Filler preaggregation was performed using cationic starch CS3 and CS4 prepared in Example 1, respectively. The dispersion of the filler was dispersed at 30% (marked) using white water and fresh water of the papermaking process containing fine fibers. Cationic starch was added 0.5% of CS3 of Example 1 compared to the filler. The stock was used by diluting the mixing chest stock with white water before chemicals were added at the paper mill. The filler was added 20% calcium carbonate compared to the stock.

The results are shown in Table 3. It was found that the improvement of the strength and retention of paper was superior to that of fresh water when the process white water was used for preaggregation of the filler.

Starch water Ash content (%) Internal bond strength Blank clear water 17.1 108.0 CS3 (0.3 degree of substitution) clear water 18.8 116.710 Process white number6.79 19.359.88 120.3100.7 CS4 (degree of substitution 0.4) 15 Process White Number9.79 19.554.94 118.485.6

Example 3

In preparing paper, ash content and retention in the product were measured according to the concentration of filler. The stock was used as hardened pulp (LBSK, Yeosu 400 ml CSF), and calcium carbonate was used as a filler. The preparation of the filler was dispersed to 30% using the process white water, the amount of filler was adjusted to 0 ~ 30% compared to the stock, 0.5% of the cationic starch CS3 was added to the filler.

As shown in Table 4, when the filler was preaggregated with cationic starch and added to the stock, the ash retention was more than 20% higher than the average addition condition. Was higher. Nevertheless, the strength of the paper was found to be somewhat superior.
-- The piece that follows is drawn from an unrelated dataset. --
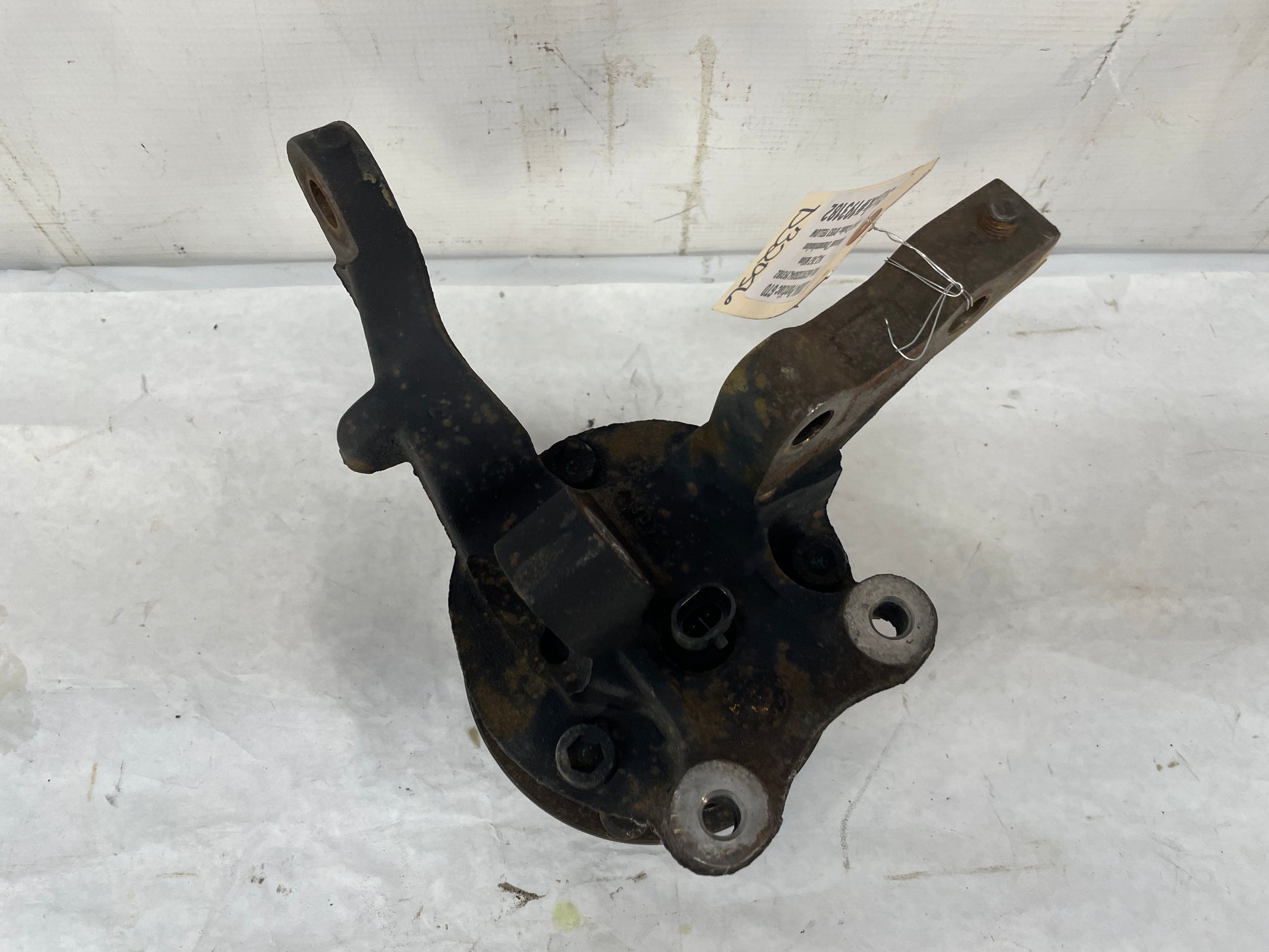 2004 Pontiac GTO LH Driver Front Suspension Spindle Hub Knuckle Assembly OEM - Day's Parts Yard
Starch Filler (%) Ash content (%) Ash retention (%) Internal bond strength Blank 0 0.18 - 115.2 General charging 10 6.79 59.88 100.7 15 9.79 54.94 85.6 20 12.35 52.08 82.5 25 14.94 48.76 79.0 30 16.86 42.00 75.00 CS3 10 8.27 75.63 101.4 15 12.95 77.70 90.7 20 16.42 75.23 88.0 25 19.23 73.41 81.3 30 25.52 75.80 74.2

In the paper manufacturing method according to the present invention, by adding a process white water containing cationic starch and microfibers, the preaggregated filler is added to the paper, thereby not only improving the paper strength but also increasing the ash content in the paper by improving the filler retention. This can reduce the cost of expensive pulp resources.

Claims (2)

Dispersing the filler using process white water containing fine fibers or adding fine fibers or long fibers to the filler diluted with fresh water and pre-aggregate the filler by adding a cationic starch having a substitution degree of 0.04 to 0.4, The pre-aggregated filler is added to a paper containing pulp. The method of claim 1 wherein the ratio of filler to cationic starch is 99.9: 0.1 to 90:10 (w / w).